Y’a que le programme de protection fédéral des témoins qui en a les moyens.
— Vous auriez pu ramener à bouffer, les gars !
Jabez manque de s’étouffer avec sa salive et sa vexation à la silhouette féline de Maneki – enfin, de l’agent à la Régulation Kina –, qui débaroule devant lui avec ses grand yeux orange. Elle le flaire du haut de ses deux mètres puis l’enlace comme une vieille connaissance. Des années qu’il se rencarde chez Hallow et Sabel, et l’hydride était passée sous son radar.
— Oh, Jabez ! miaule-t-elle. Je suis tellement désolée pour Aboubakar…
Sa double queue frotte ses jambes avec une insistance possessive. Maintenant qu’elle résonne à ses oreilles, Jabez identifie la cyber-voice des écoutes de chez Pavel Zorine. Apposer des images sur les bruitages de fin de soirée entre la félinoïde et le gangster le fait douter de la fiabilité de l’agent de la Régul’.
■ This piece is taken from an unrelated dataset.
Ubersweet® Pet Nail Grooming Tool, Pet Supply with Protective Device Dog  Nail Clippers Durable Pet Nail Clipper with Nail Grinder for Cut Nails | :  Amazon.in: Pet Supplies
— J’suis content de constater que j’suis pas le seul couillon de cette affaire, se marre Lorik Zijai.
Enfoncé dans le canapé, en short de sport et t-shirt large, une jambe bandée allongée sur une pile de coussin et une potence de perfusions pas loin, l’Albanais paraît sincèrement compatissant quoiqu’amusé. Ses traits sont tirés. Trois jours sur la corde raide. Il a beau jouer au mariole, il ne dort pas beaucoup, remarque Jabez. À raison. Il aurait fallu l’extraire de Midipolia. Or, le stiddaro affiche pas la tête du témoin accommodant. Déduction : rien n’est signé. Il craint pour sa famille. Mais qu’est-ce qu’a foutu Xavi, putain ?
En tout cas, un client pareil ne se refuse pas. Jabez trépigne en silence.
— Je t’ai déjà dit de pas fumer, Lorik… s’agace Xavi qui est parti se servir dans le frigo sans considération pour personne.
— Je vous emmerde, lieutenant Ferran ! lance le mafieux au travers de la pièce. Et je vous permet pas me tutoyer. On est pas copains, vous et moi.
— Tant que tu signes pas l’accord de protection, t’es le copain de personne ici !
Xavi s’assoit bien en face de lui et lampe sa canette de bière avec tout le mépris qu’il peut pour son informateur récalcitrant et le règlement.
— Je vous signe quedal tant que j’ai pas ma garantie, rétorque Lorik en cendrant sur le tapis.
— T’auras aucune garantie tant que tu signes quedal. J’enverrai pas un seul de mes types pour aller chercher ton môme. Puis, c’est un grand, ton garçon, avec une responsabilité pénale toute à lui... (Xavi lui refait le coup d’un micro-suspens.) Il s’est barré sans toi. Accepte-le.
Là-dessus, l’Albanais se reclut dans le silence.
L’agent Kina signifie qu’elle va relayer la surveillance et claque la porte. Dans l’intervalle, Kóstas a quand même eu la bonne éducation d’aller chercher des canettes pour tous les autres, Jabez inclus, dont un lot qu’il confie à Kina pour les collègues postés à l’extérieur. Jabez en compte quatre. Toujours planté au centre de cette maison témoin où les choses refusent de s’emboiter correctement, il commence à comprendre où ça coince.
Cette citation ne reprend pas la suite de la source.